Конечно, если всё это правда. А может, и неправда. Разве не случалось? Кто-нибудь привозит известие, рассказывает как очевидец, а потом оказывается, что всё было не так…
Только здесь очевидцев не было. Здесь был официальный бланк, формальное извещение. Зачем ты надеешься, глупая, зачем обманываешь самоё себя, когда отлично знаешь, что всё именно так, а не иначе?..
— Я хотел тебе сказать, Мария…
Она осторожно вложила сухой цветок обратно в книгу.
— Я хотел тебе сказать… Может быть, это не нужно, но… Я понимаю… Видишь ли, я хотел бы, чтобы ты никогда не забывала о том, что возле тебя есть человек, преданный тебе, который всегда, всегда сделает всё, чтобы помочь… Чтобы…
Она улыбнулась как-то надменно и презрительно.
— Оставь, пожалуйста.
Чем тут можно было помочь, как можно было изменить то, что случилось? Нет, помощи и быть не могло. Она была одна, и так уж будет всегда. Что может понять доктор Воронцов, преданный друг, способный врач, милый, добрый человек? Ведь не он был молодой, влюблённой до безумия девушкой, а затем молодой, влюблённой до безумия женой.
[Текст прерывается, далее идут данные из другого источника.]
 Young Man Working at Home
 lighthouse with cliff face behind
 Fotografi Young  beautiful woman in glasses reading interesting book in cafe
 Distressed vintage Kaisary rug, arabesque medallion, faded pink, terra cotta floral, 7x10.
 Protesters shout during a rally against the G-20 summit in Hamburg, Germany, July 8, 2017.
Ведь это не он строил совместную жизнь с любимым человеком, с верой, что это навсегда, на веки вечные. Это не ему светили звёзды среди яблоневых ветвей, и не для него цвели ландыши в мокрой от росы чаще.
— И ты не имеешь права, Мария… Не ты одна, помни, не ты одна… Сколько женщин теперь…
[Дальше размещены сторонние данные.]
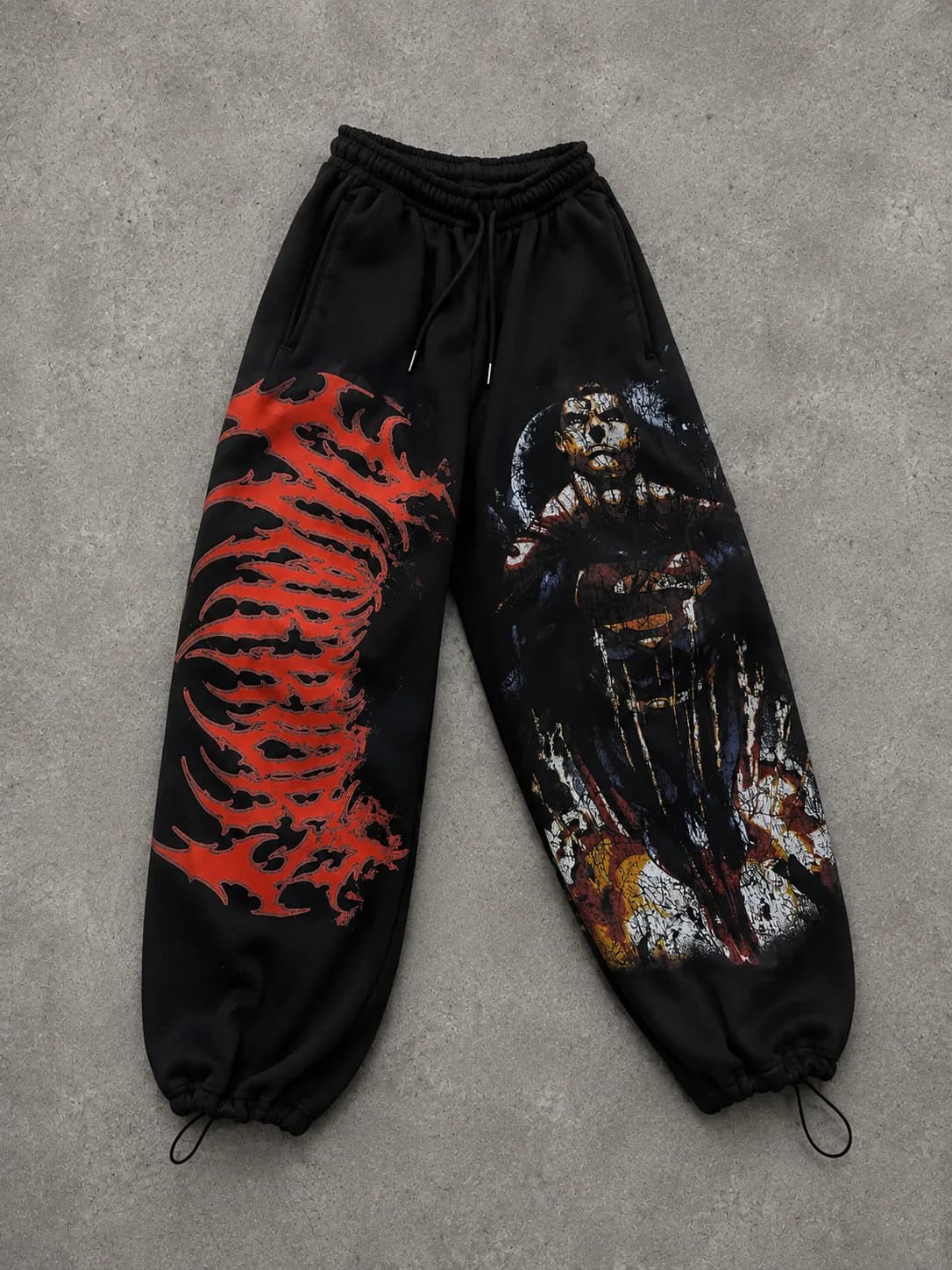 Jogger negro oversize con gráfica dark anime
Она покачала головой. Что мог знать Воронцов? Сколько раз они с Григорием говорили друг другу, сколько раз счастливыми губами повторяли, что именно они одни, одни! Нет, никогда не было, не могло быть где-нибудь, между парой других людей, то, что было между ними. Другие женщины, другие мужчины — ну да, столько было женщин и столько мужчин, но вот их любовь была единственная и неповторимая.
— Чего ты, собственно, хочешь от меня? Что я такое делаю? Что я, хуже работаю? Нет, работаю, как работала. Живу, как жила. Так в чём, собственно, дело?